The country's rail system has reportedly benefited from several upgrades, including an advanced safety control system that includes 60-kg steel rails as well as the latest sleeper cars, the strongest switches available, signal system, and anti-friction devices.


He also said the ministry had set up systems for testing and monitoring, facilities management, and emergency response.




And for the first time, the ministry has installed an advanced track that relies on laser technology.


"I can say that China's railway infrastructure and rail track technology have both reached an advanced level," He said.


Impact on airlines


A highlight of the new rail system is the use of Electric Multiple Units (EMU), or multi-car electric trains, on intercity routes. These high-speed speed trains will connect cities in the three delta areas and major city clusters. The system also links regional centers, such as Beijing and Shanghai.

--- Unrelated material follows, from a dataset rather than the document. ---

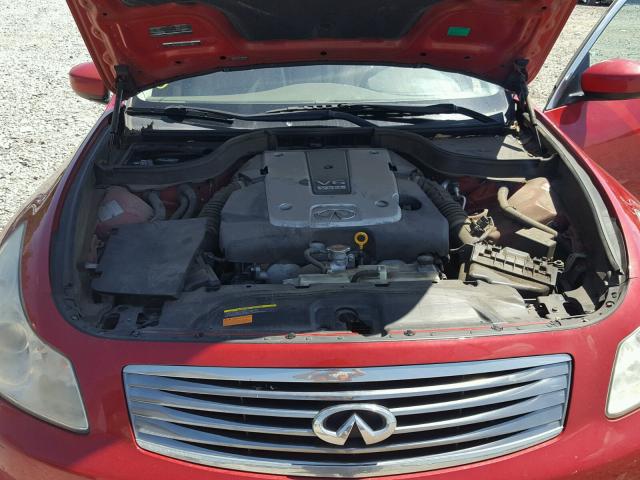 JNKCV61F39M362753 - 2009 INFINITI G37 RED photo 7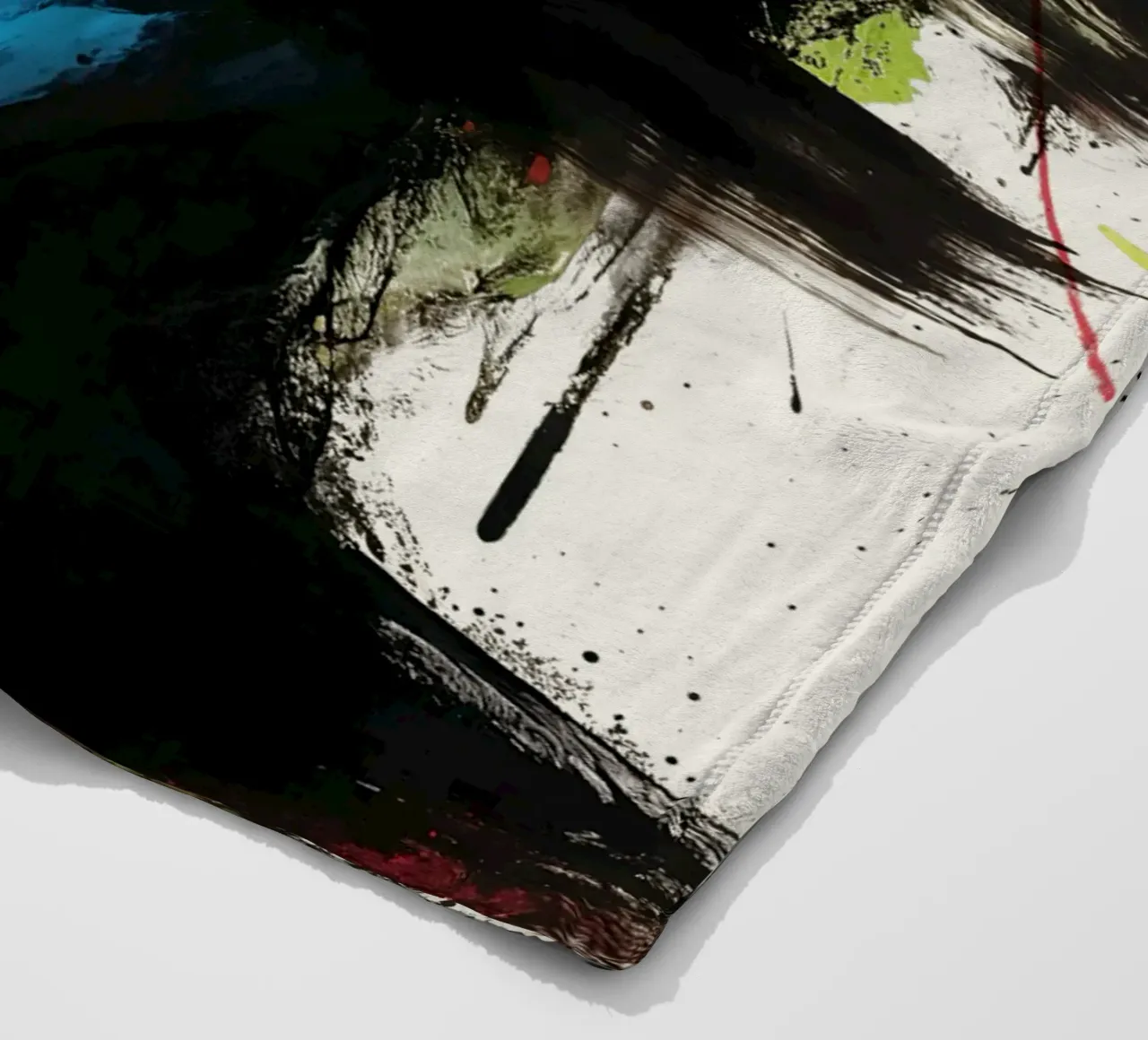 Hidden Layers fleece blanket by KUNSTstück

The development will cut travel time by 20 to 30 percent on average. Passenger transport capacity should increase by at least 18 percent, while cargo transport capacity should rise by 12 percent.


But Wu Wenhua, a researcher with the National Development and Reform Commission's Macro Economy Research Institute, said that because rail and air travel have competing advantages, the new trains might not have a big effect in terms of dividing the travel market.


"Railways have definite advantages in short and middle-distance transport, which is between 400 and 1,000 km," said Wu, who headed a research project on what effect the speedup would have on airlines.


"But the picture is not as optimistic as the Ministry of Railways would like to think because railways will not be able to compete with airlines in long-distance transport, usually 1,000 km and above."


Raw passenger figures for 2005 from the General Administration of Aviation in China and the Ministry of Railways show both train and air travel is increasing, and nine times as many people take the train as fly.


The road ahead


Two-hundred-fifty kph is the fastest speed that can be reached on the existing tracks, said Hu Yadong at a recent press conference.


Still, it is looking ahead by building passenger rail lines capable of running high-speed trains at 300 kph and beyond to further expand the country's railway transport capacity.


These faster passenger rail lines will mostly parallel existing rail lines, but will be used only for passenger transport.


For example, the Beijing-Shanghai high-speed passenger rail line has been designed to run trains at a speed of 300 kph, with a possible maximum speed of 350 kph.


Though the project has not started construction yet, Nanfang Weekly reported that the electric multiple units to be used on such lines are being built.


Once the fast cars are completed, passenger and cargo transportation will be divided and the railways' transport capacity can be further enhanced, the ministry said.